Tak lama terdengar suara ketukan dari pintu ruangannya. Pintu perlahan terbuka, menampakkan dua sosok manusia masuk ke dalam ruangannya. Sena mendongakkan kepalanya untuk melihat siapa yang masuk. Ternyata dua manusia itu adalah Rafael dan Kimo. Sena membulatkan matanya dan langsung menyemburkan isi mulutnya ke arah keduanya. Ia terkejut dan tidak percaya. Sosok yang baru ia lihat di internet sekarang tengah berdiri di depannya.

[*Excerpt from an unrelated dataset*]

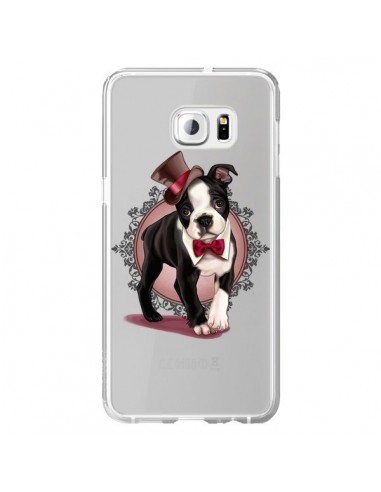Coque Chien Bulldog Dog Gentleman Noeud Papillon Chapeau Transparente pour Samsung Galaxy S6 Edge Plus - Maryline Cazenave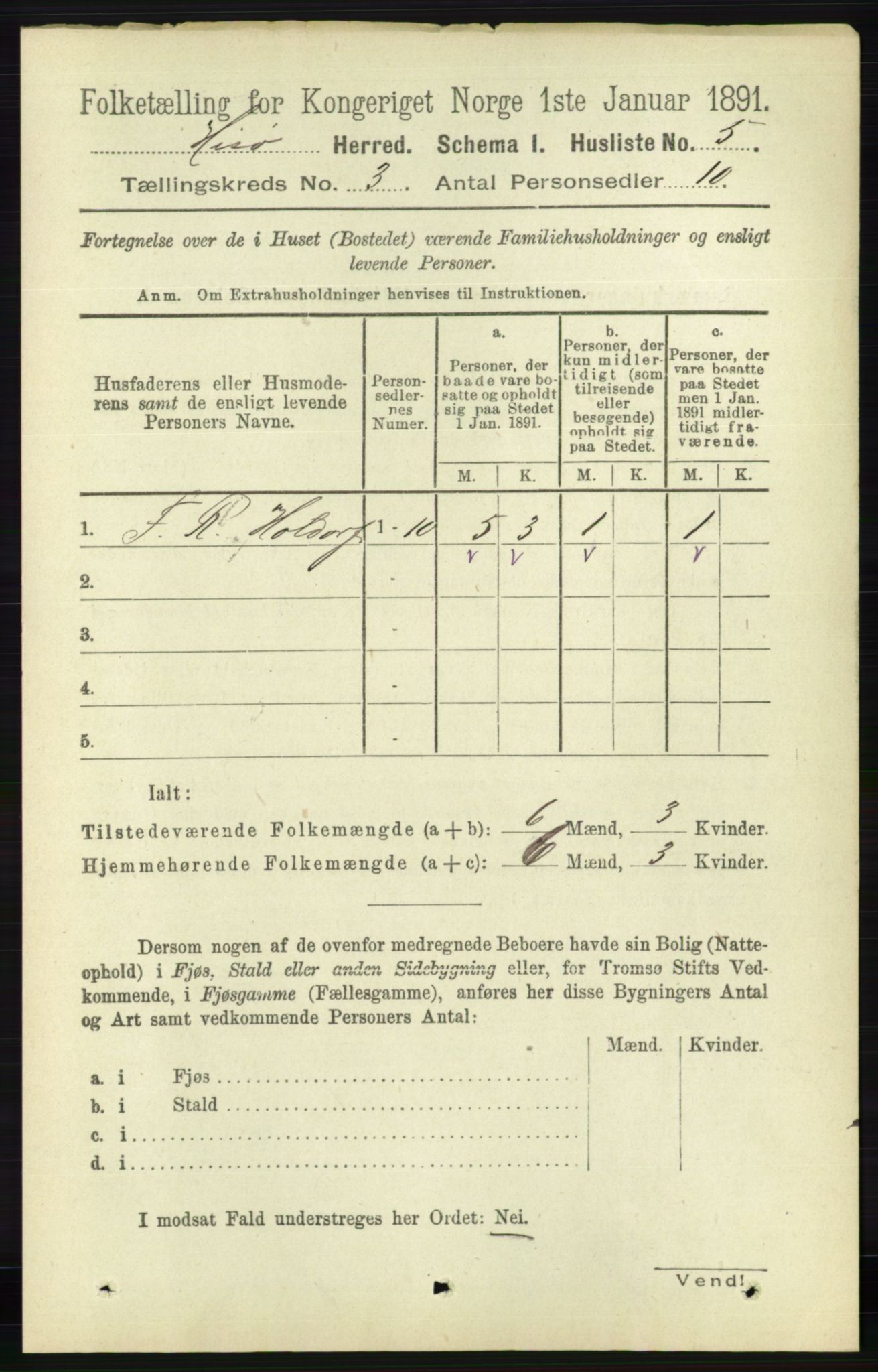 RA, 1891 census for 0922 Hisøy, 1891, p. 2082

"Apa-apaan sih Sen, jorok amat lo. Bikin malu aja asli dah," kesal Rafael yang kini merasa tidak enak dengan Kimo karena ketidaksopanan Sena. Tidak biasanya Sena seperti itu.
Sena tidak bisa mengalihkan pandangannya dari perempuan di depannya. Mulutnya hanya bisa mengatup membeku. Ia masih terlalu terkejut untuk membenarkan keadaan.
"Sen, ini temen gue yang mau ketemu sama lo. Namanya Kimo," ucap Rafael memperkenalkan.
Kimo maju mendekat ke arah Sena, lalu mengulurkan tangannya. Memang tidak biasanya Kimo melakukan ini, tetapi ia mengulurkan tangannya hanya kepada orang-orang yang ia butuhkan. Sena contohnya.
"Gue Kimo. Senang bertemu dengan lo." Kimo berucap lengkap dengan senyum miringnya.
Tbc.
KAMU SEDANG MEMBACA
Sweet but Psycho
Teen FictionTerlahir sebagai anak konglomerat mungkin terlihat sangat menyenangkan. Namun mereka tidak tahu senang dan ancaman adalah satu paket yang harus diterima oleh anak konglomerat. Kimora salah satunya, perempuan yang terlahir dari keluarga konglomerat...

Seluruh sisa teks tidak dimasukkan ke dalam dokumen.